§ **About this exercise**:
Return the records that follow unaltered. Omit every picture.

§ **Provided entries**:
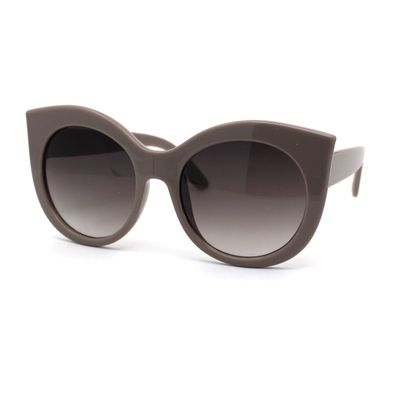 Girls Kid Size Thick Plastic Round Circle Lens Cat Eye Sunglasses Grey Smoke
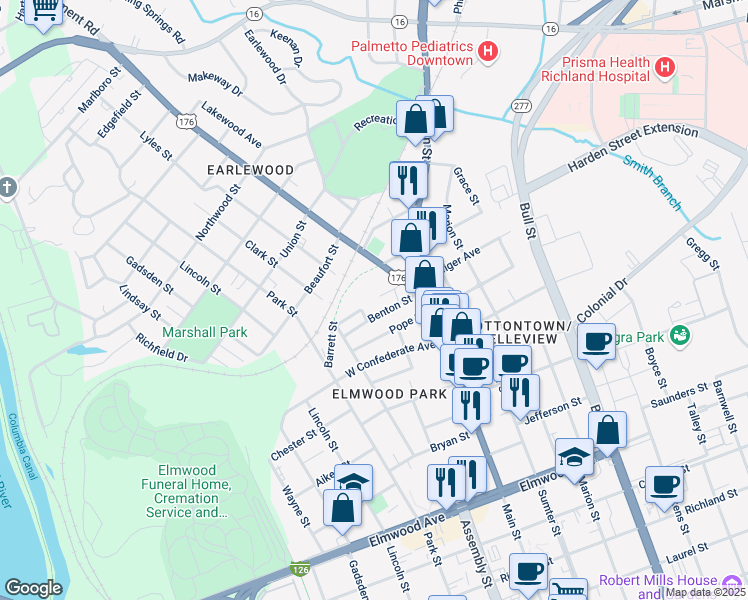 map of restaurants, bars, coffee shops, grocery stores, and more near 1020 Cedar Street in Columbia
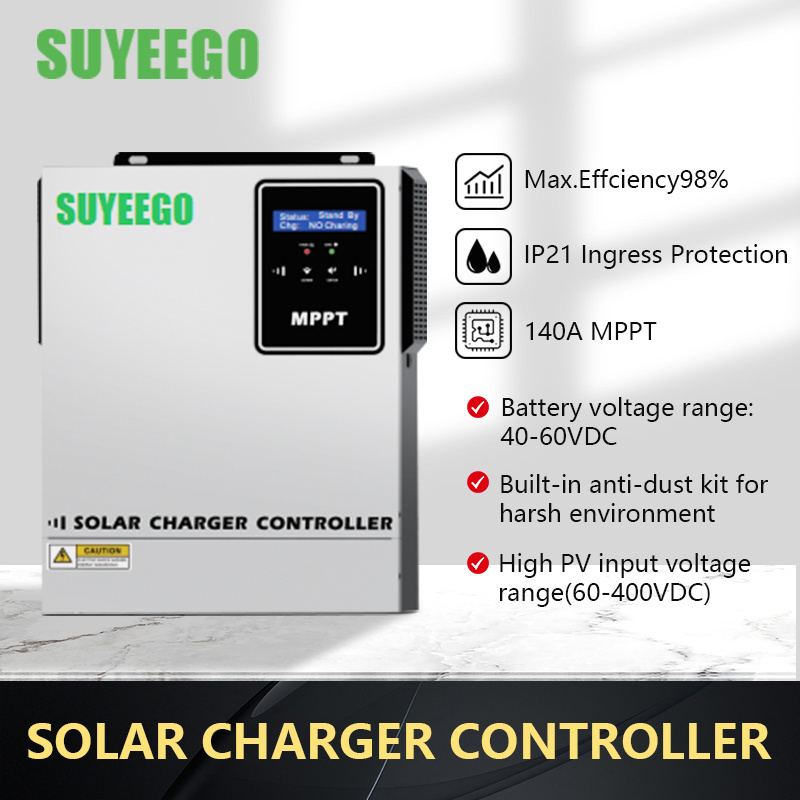 SUYEEGO OEM Intelligent 140A 48V Charger Regulator PV Input 500v MPPT Solar Charge Controller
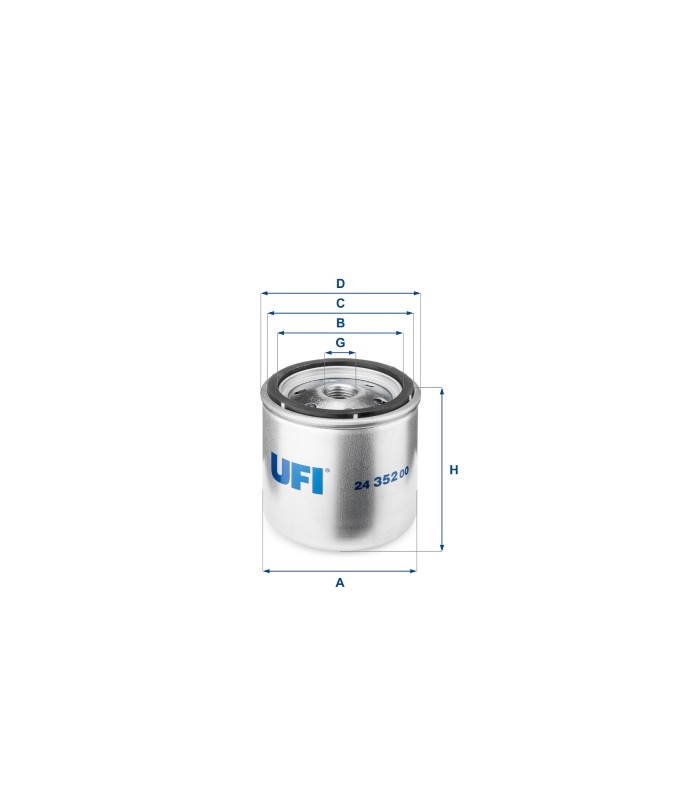 UFI 24.352.00 filtro gasolio uguale a 24.352.00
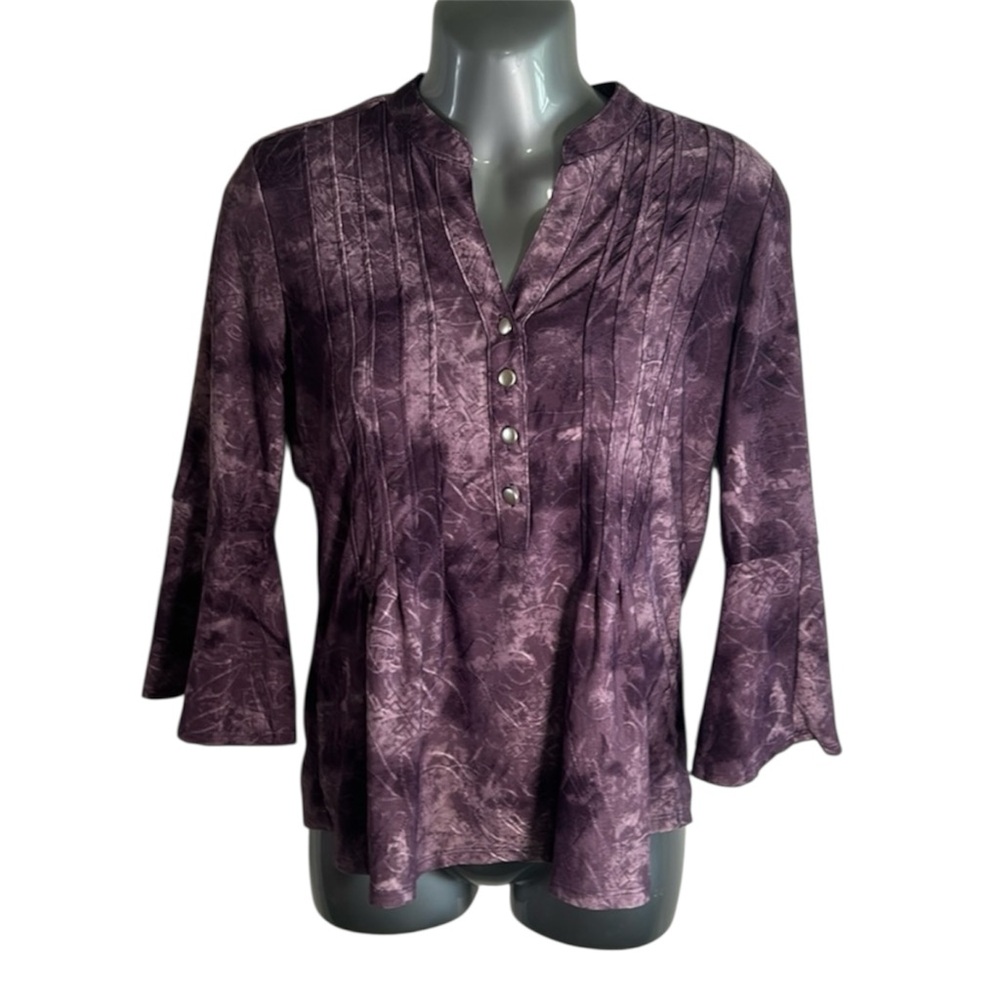 NY Collection Y2K Flowy Purple Button Down 3/4 Sleeve SP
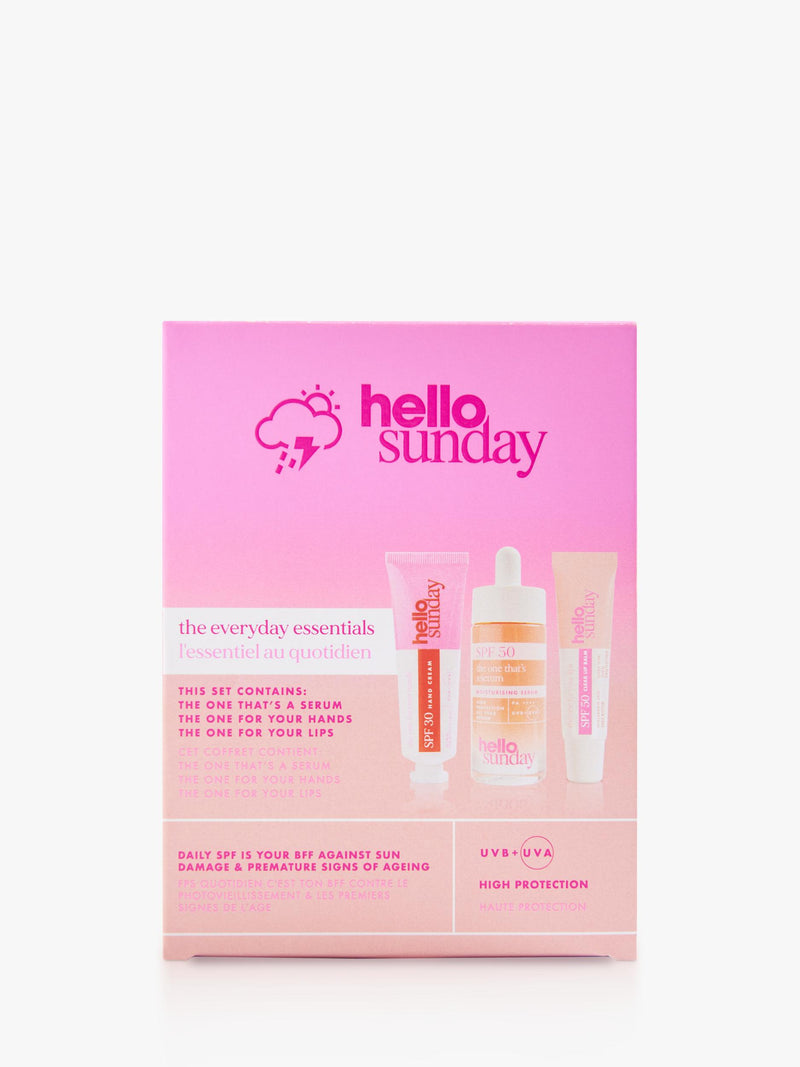 Hello Sunday Everyday Essentials skincare gift set with SPF50, imported from the UK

§ **Completed task**:
 Girls Kid Size Thick Plastic Round Circle Lens Cat Eye Sunglasses Grey Smoke
 map of restaurants, bars, coffee shops, grocery stores, and more near 1020 Cedar Street in Columbia
 SUYEEGO OEM Intelligent 140A 48V Charger Regulator PV Input 500v MPPT Solar Charge Controller
 UFI 24.352.00 filtro gasolio uguale a 24.352.00
 NY Collection Y2K Flowy Purple Button Down 3/4 Sleeve SP
 Hello Sunday Everyday Essentials skincare gift set with SPF50, imported from the UK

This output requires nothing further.